[[ DATA FOR PROCESSING open ]]

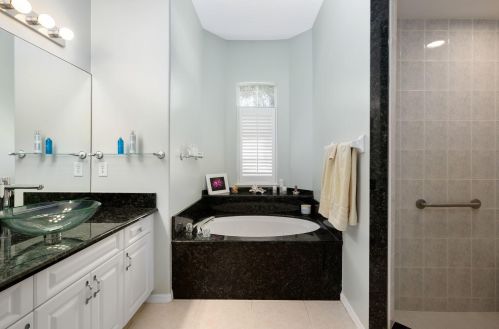 2045 27th Ave, Vero Beach FL  32960-3010 exterior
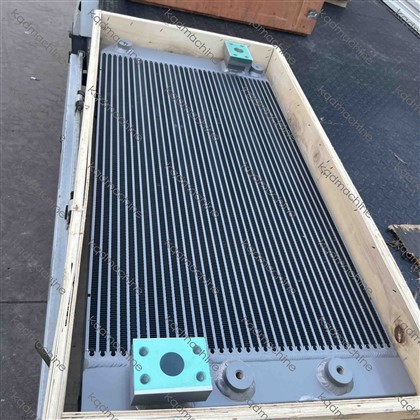 J222-04A-015000 SE215 OIL COOLER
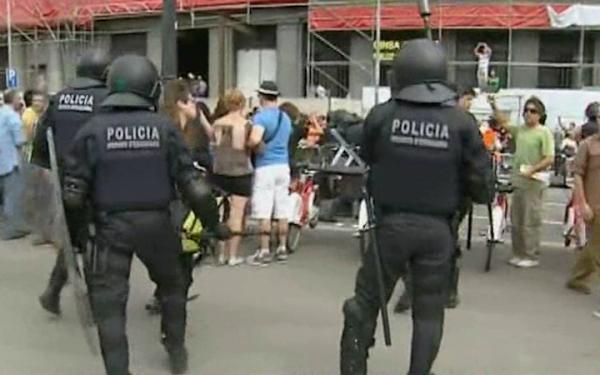 Συγκρούσεις αστυνομικών με «αγανακτισμένους» στη Μαδρίτη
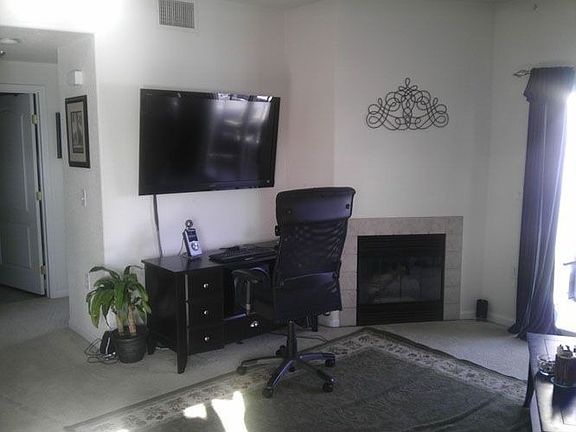 Dinning area looking towards tv
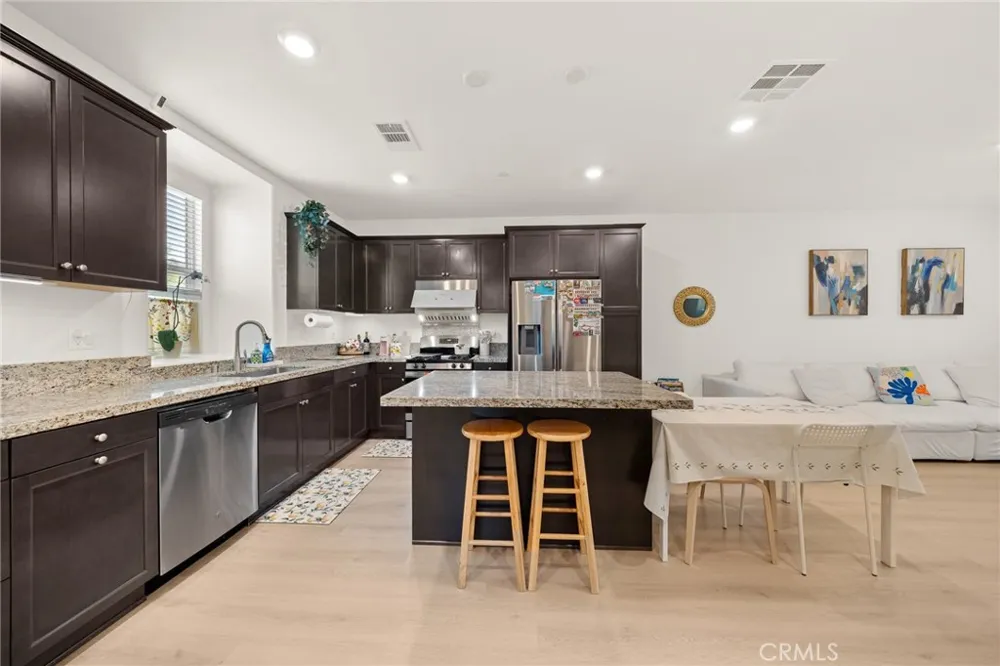 13931 Blossom Way Eastvale, CA 92880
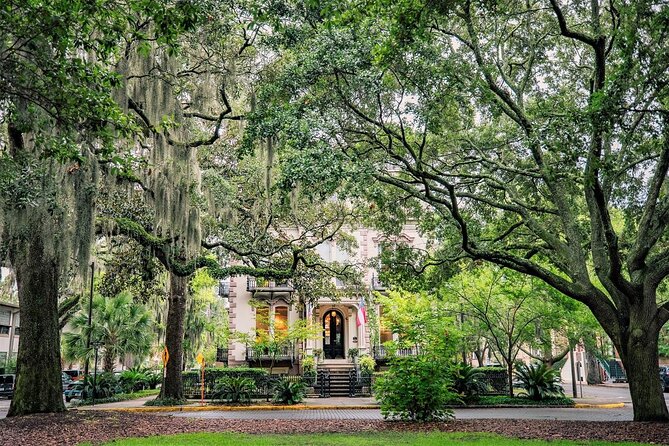 Savannah's Local Lore Ghost Tour - A haunted trolley instead of a long night walk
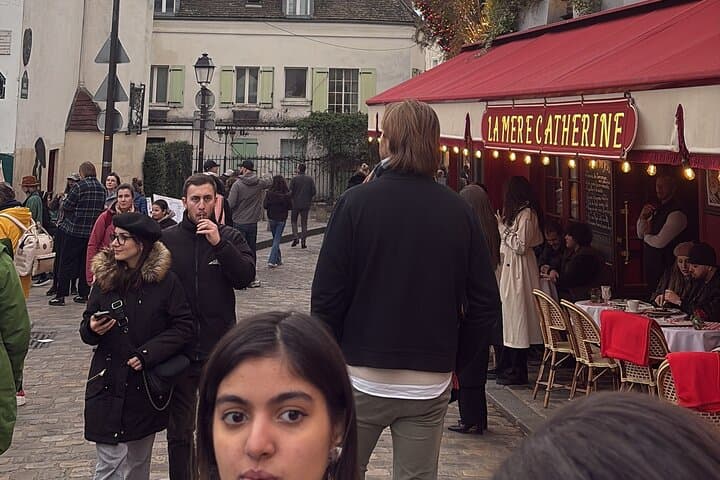 The famous La mere Catherine close to the famous street art at Montmartre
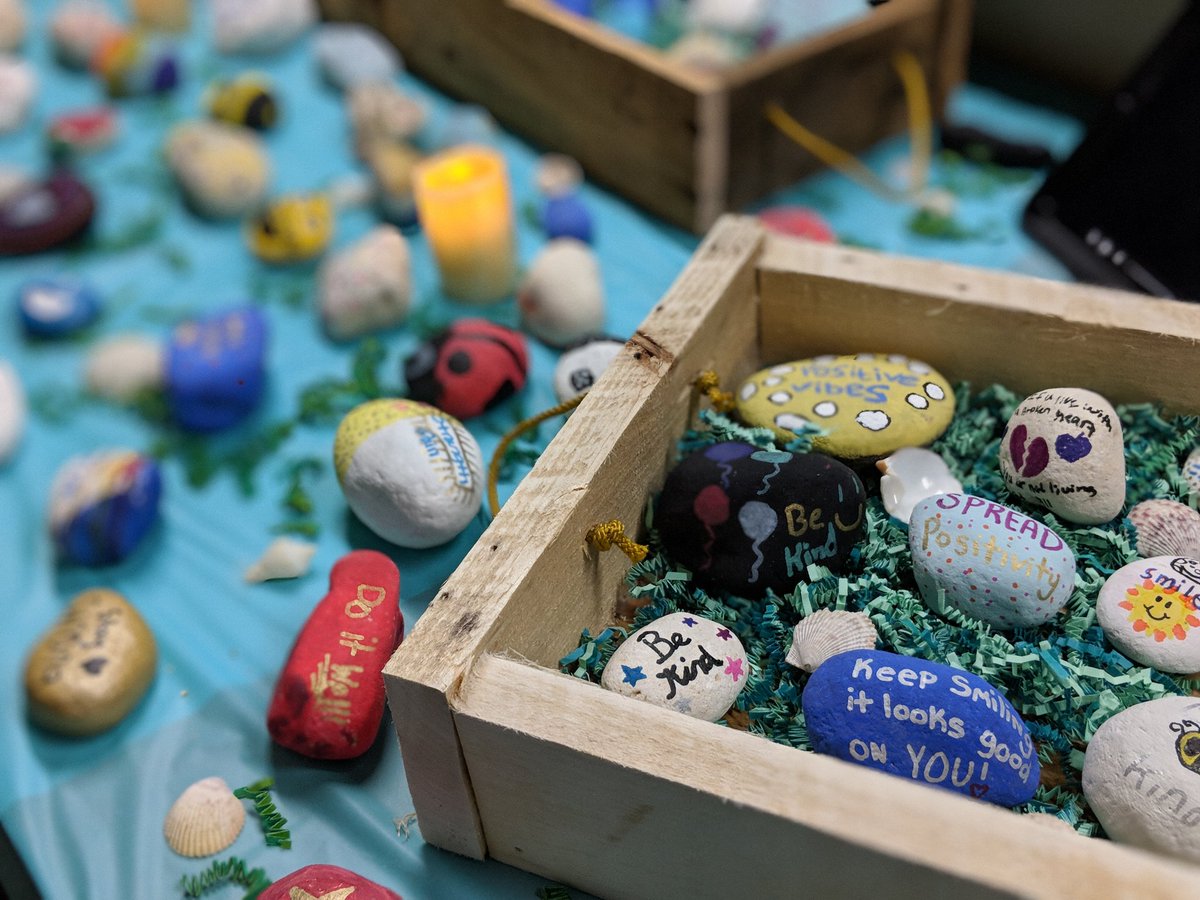 JCJHSArt's tweet photo. So much kindness shared at the 13th Annual Variety Show and Art Exhibit! Thank you for participating in the JCJHS Kindness Rocks Project.#CJHSRocks @casejrhigh https://t.co/gKb89PHvo2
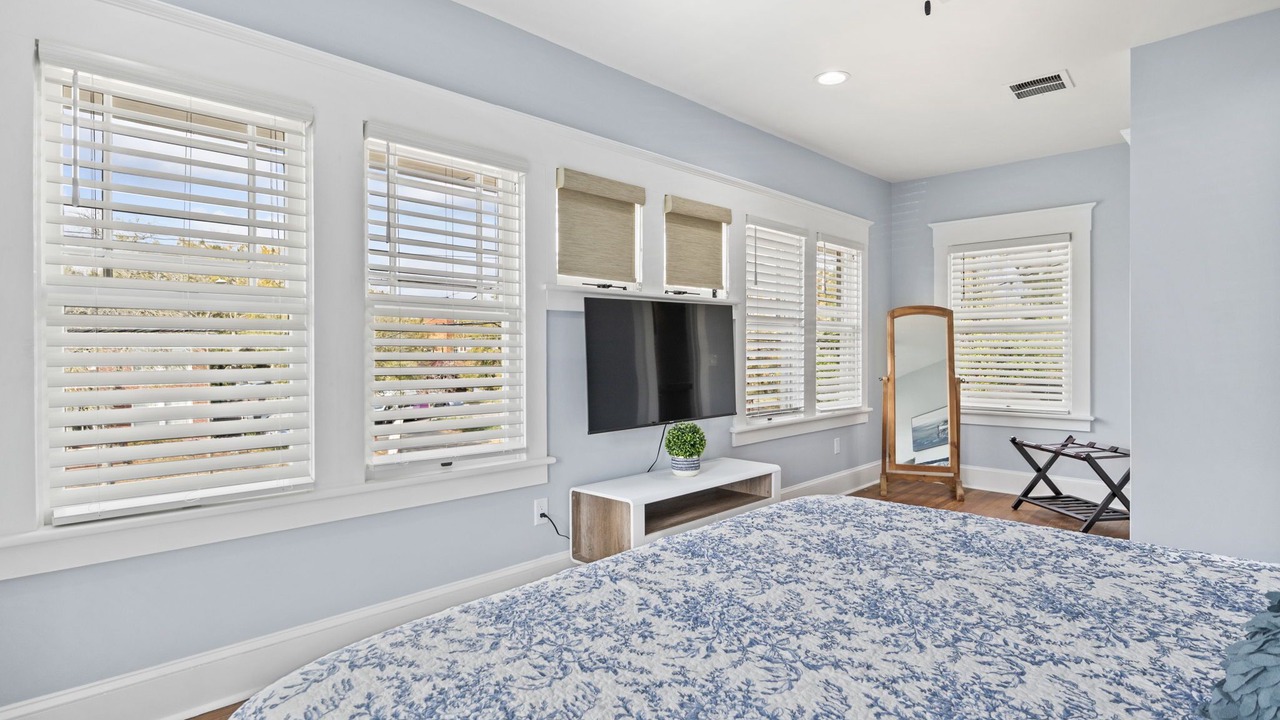 Photo of Bedroom in Five Points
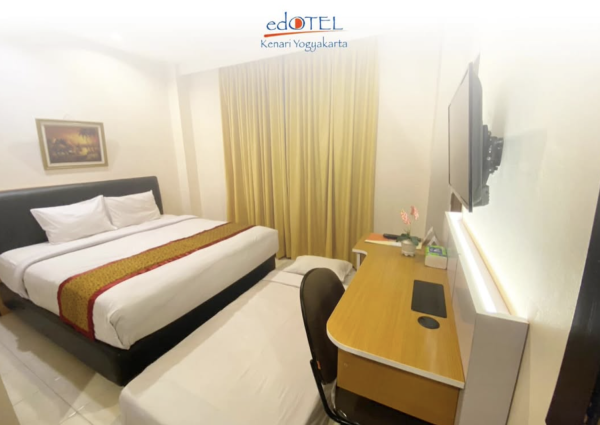 Kamar Moderate Double Bed Moderate Room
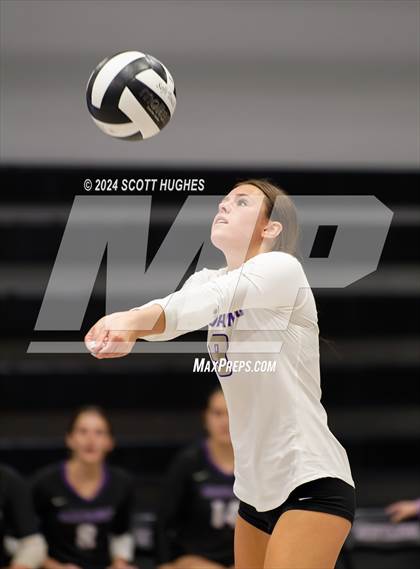 Thumbnail 2 in Valor College Prep @ Lipscomb Academy photogallery.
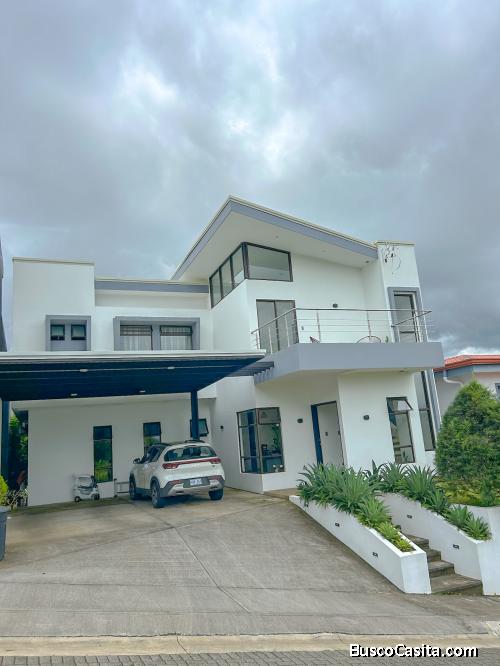 Hermosa Casa en Condominio Montezuma – Grecia, Alajuela
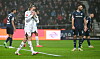 Jackson Irvine zieht sich das Trikot übers Gesicht.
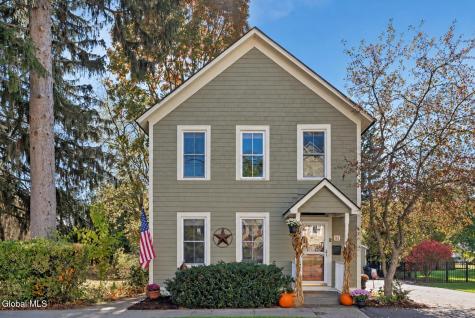 92 Oak Street Saratoga Springs NY 12866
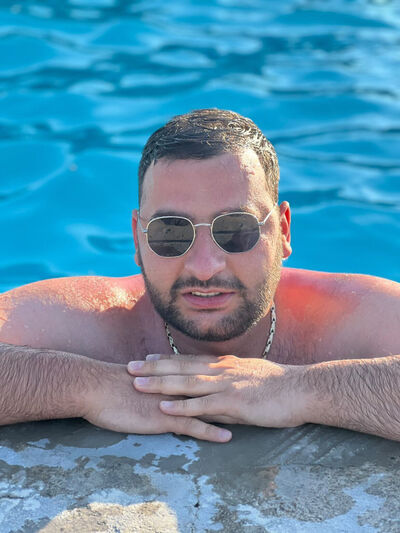  ,   Gevorg, 33 ,   ,   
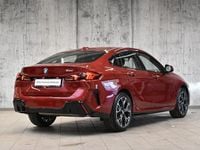 Używany BMW 220 Shadowline 156 KM (114 kW) 2025 Czerwony fire red metalizowany Coupe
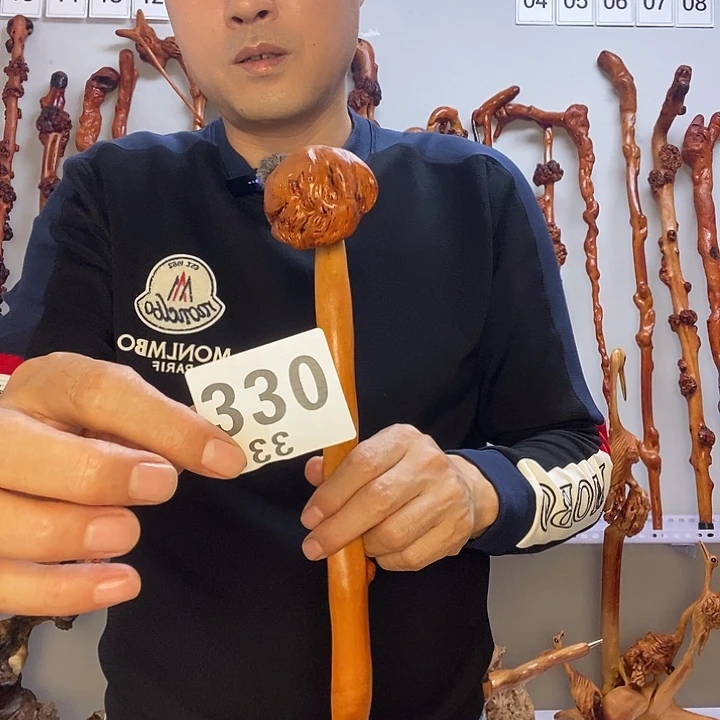 时***哥大叶紫檀（黑酸枝木类）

[[ DATA FOR PROCESSING closed ]]

YOUR GOAL. Where pictures appear, skip them and transcribe all other material word for word.

REPLY.
 2045 27th Ave, Vero Beach FL  32960-3010 exterior
 J222-04A-015000 SE215 OIL COOLER
 Συγκρούσεις αστυνομικών με «αγανακτισμένους» στη Μαδρίτη
 Dinning area looking towards tv
 13931 Blossom Way Eastvale, CA 92880
 Savannah's Local Lore Ghost Tour - A haunted trolley instead of a long night walk
 The famous La mere Catherine close to the famous street art at Montmartre
 JCJHSArt's tweet photo. So much kindness shared at the 13th Annual Variety Show and Art Exhibit! Thank you for participating in the JCJHS Kindness Rocks Project.#CJHSRocks @casejrhigh https://t.co/gKb89PHvo2
 Photo of Bedroom in Five Points
 Kamar Moderate Double Bed Moderate Room
 Thumbnail 2 in Valor College Prep @ Lipscomb Academy photogallery.
 Hermosa Casa en Condominio Montezuma – Grecia, Alajuela
 Jackson Irvine zieht sich das Trikot übers Gesicht.
 92 Oak Street Saratoga Springs NY 12866
  ,   Gevorg, 33 ,   ,   
 Używany BMW 220 Shadowline 156 KM (114 kW) 2025 Czerwony fire red metalizowany Coupe
 时***哥大叶紫檀（黑酸枝木类）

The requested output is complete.